A Philadelphia-style hot dog, also known regionally as a "Philly combo" or a fish cake dog, is made by topping a split all-beef hot dog with mustard, a type of tangy relish known as pepper hash, and a crispy yet soft fried patty of fish and potato. Even some Philadelphians have never heard of this concept, but it is one of those old-time dishes that has withstood the test of time and is revered among its fans.

Something's fishy, in a good way

One could say that a Philadelphia-style hot dog is a subtle nod to surf and turf, but it's certainly not a pretentious one. The fish cakes from Johnny's Hots, a long-standing Philly hot dog joint, are a blend of cod and potato. Fried to a golden brown, they add a hint of fishy flavor to the beef hot dog, plus a pillowy texture from the potato. The pepper hash is a tangy mix of bell peppers, cabbage, and apple cider vinegar, serving as the perfect foil to both the fish cake (reminiscent of fish and chips with malt vinegar) and the fattiness of the hot dog.

The credit for the unusual combination of fish cakes and hot dogs goes to Abe Levis, whose own Philly-based hot dog stand, Levis, ran for nearly 100 years before closing. Pepper hash, a Pennsylvania Dutch condiment, has been used to accompany fish in the area for years, making it a sensible addition to a Philly combo. Pepper hash can be likened to a tangy coleslaw but without mayonnaise, appearing more like a relish than a traditional slaw. Other popular additions to Philadelphia-style hot dogs include condiments like mustard and onions.
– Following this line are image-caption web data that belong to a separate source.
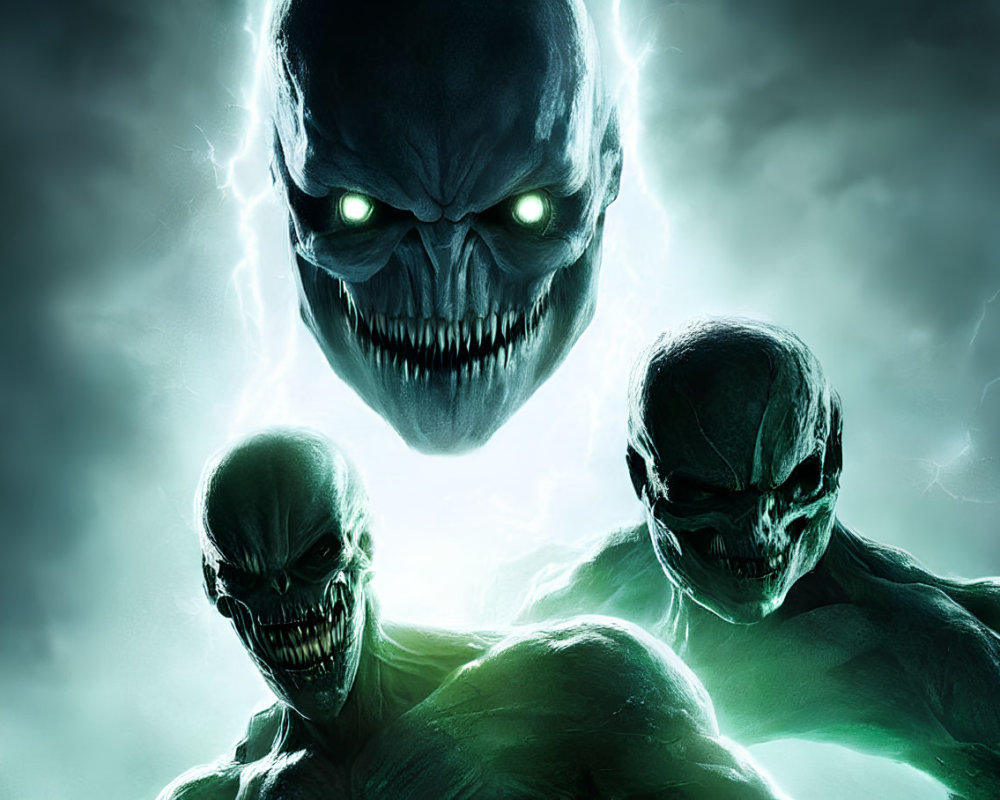 Three menacing skull-like creatures with glowing green eyes under a stormy sky.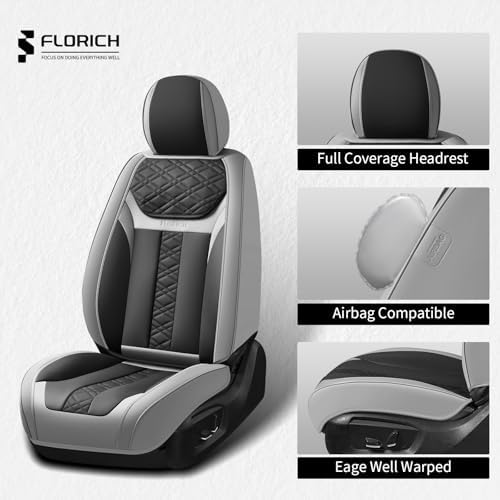 FLORICH Seat Covers, Front Seat Covers 2 PCs, Automotive Seat Cover for Cars, Luxury Leather Universal Seat Cover Accessories Fit for Most Cars SUV Truck Sedans(Grey) - Image 4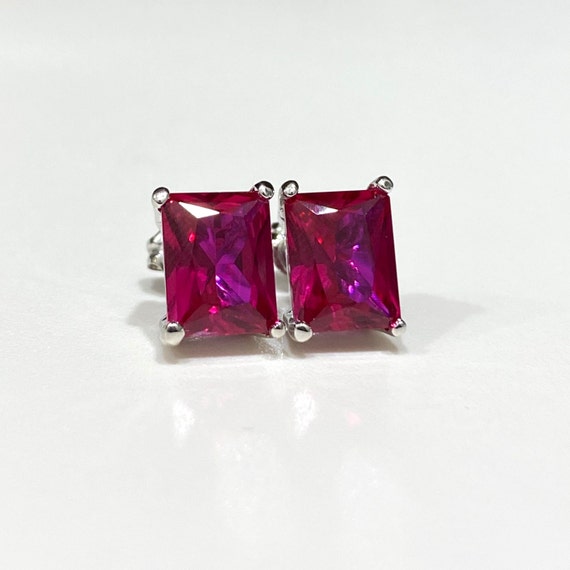 Vintage Sterling Silver Rectangular Ruby Earrings. - image 3
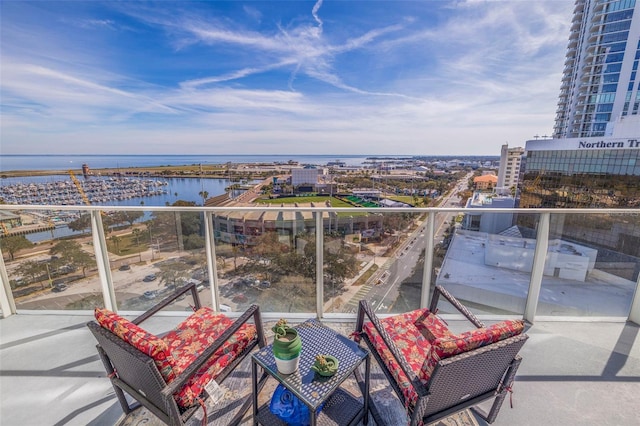 balcony with a water view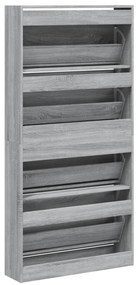 Sapateira c/ 4 gavetas articuladas 80x21x163,5 cm cinza sonoma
Philadelphia also claims another type of hot dog

Like many regional hot dogs, Philadelphia-style hot dogs are so unique to their home city that finding one outside the area could prove difficult. If you were to order a Philly dog elsewhere, you'd probably be more likely to receive a hot dog covered in grilled onions, and Cheez Whiz or provolone. Nothing else comes close, except perhaps the Swedish Tunnsbrödrulle. This gargantuan Nordic late-night food includes a hot dog, shrimp salad, and mashed potato, all rolled in a flatbread.

Philadelphia also lays claim to another interesting type of hot dog known as the Texas Tommy, although it has nothing to do with the Lone Star State. Hailing from Pottsville, P.A., a Texas Tommy is a hot dog wrapped in bacon and topped with American cheese or Cheez Whiz.

Interestingly enough, cream cheese (famously associated with the Philadelphia brand) is a vital ingredient in Seattle-style hot dogs. Cream cheese is generously slathered on the dogs, which are then topped with grilled onions, jalapeños, and grilled cabbage. There's no fish in sight in this seaside hot dog, perhaps because it's all in Philly.